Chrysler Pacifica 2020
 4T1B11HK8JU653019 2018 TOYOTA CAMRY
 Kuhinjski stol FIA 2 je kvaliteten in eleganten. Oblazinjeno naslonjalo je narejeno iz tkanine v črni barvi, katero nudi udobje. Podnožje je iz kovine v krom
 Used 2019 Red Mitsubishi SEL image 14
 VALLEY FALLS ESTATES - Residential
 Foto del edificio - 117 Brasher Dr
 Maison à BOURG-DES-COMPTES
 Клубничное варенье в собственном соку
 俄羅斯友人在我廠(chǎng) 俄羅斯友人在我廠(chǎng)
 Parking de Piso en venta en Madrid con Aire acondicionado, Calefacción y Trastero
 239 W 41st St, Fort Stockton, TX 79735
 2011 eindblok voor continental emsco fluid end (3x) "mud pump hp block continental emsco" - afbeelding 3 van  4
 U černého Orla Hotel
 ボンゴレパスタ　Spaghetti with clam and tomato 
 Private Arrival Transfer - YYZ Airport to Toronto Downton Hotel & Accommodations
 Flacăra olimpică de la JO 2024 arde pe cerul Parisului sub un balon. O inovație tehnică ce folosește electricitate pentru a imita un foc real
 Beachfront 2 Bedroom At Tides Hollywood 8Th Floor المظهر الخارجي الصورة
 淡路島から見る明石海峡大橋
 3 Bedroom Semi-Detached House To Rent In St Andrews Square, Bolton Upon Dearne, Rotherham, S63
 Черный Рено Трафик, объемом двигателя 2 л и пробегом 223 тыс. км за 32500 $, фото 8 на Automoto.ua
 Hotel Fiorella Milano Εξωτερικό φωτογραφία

Aim of the exercise
Without leaving out a single line, retype the material above exactly.

Reply
Chrysler Pacifica 2020
 4T1B11HK8JU653019 2018 TOYOTA CAMRY
 Kuhinjski stol FIA 2 je kvaliteten in eleganten. Oblazinjeno naslonjalo je narejeno iz tkanine v črni barvi, katero nudi udobje. Podnožje je iz kovine v krom
 Used 2019 Red Mitsubishi SEL image 14
 VALLEY FALLS ESTATES - Residential
 Foto del edificio - 117 Brasher Dr
 Maison à BOURG-DES-COMPTES
 Клубничное варенье в собственном соку
 俄羅斯友人在我廠(chǎng) 俄羅斯友人在我廠(chǎng)
 Parking de Piso en venta en Madrid con Aire acondicionado, Calefacción y Trastero
 239 W 41st St, Fort Stockton, TX 79735
 2011 eindblok voor continental emsco fluid end (3x) "mud pump hp block continental emsco" - afbeelding 3 van  4
 U černého Orla Hotel
 ボンゴレパスタ　Spaghetti with clam and tomato 
 Private Arrival Transfer - YYZ Airport to Toronto Downton Hotel & Accommodations
 Flacăra olimpică de la JO 2024 arde pe cerul Parisului sub un balon. O inovație tehnică ce folosește electricitate pentru a imita un foc real
 Beachfront 2 Bedroom At Tides Hollywood 8Th Floor المظهر الخارجي الصورة
 淡路島から見る明石海峡大橋
 3 Bedroom Semi-Detached House To Rent In St Andrews Square, Bolton Upon Dearne, Rotherham, S63
 Черный Рено Трафик, объемом двигателя 2 л и пробегом 223 тыс. км за 32500 $, фото 8 на Automoto.ua
 Hotel Fiorella Milano Εξωτερικό φωτογραφία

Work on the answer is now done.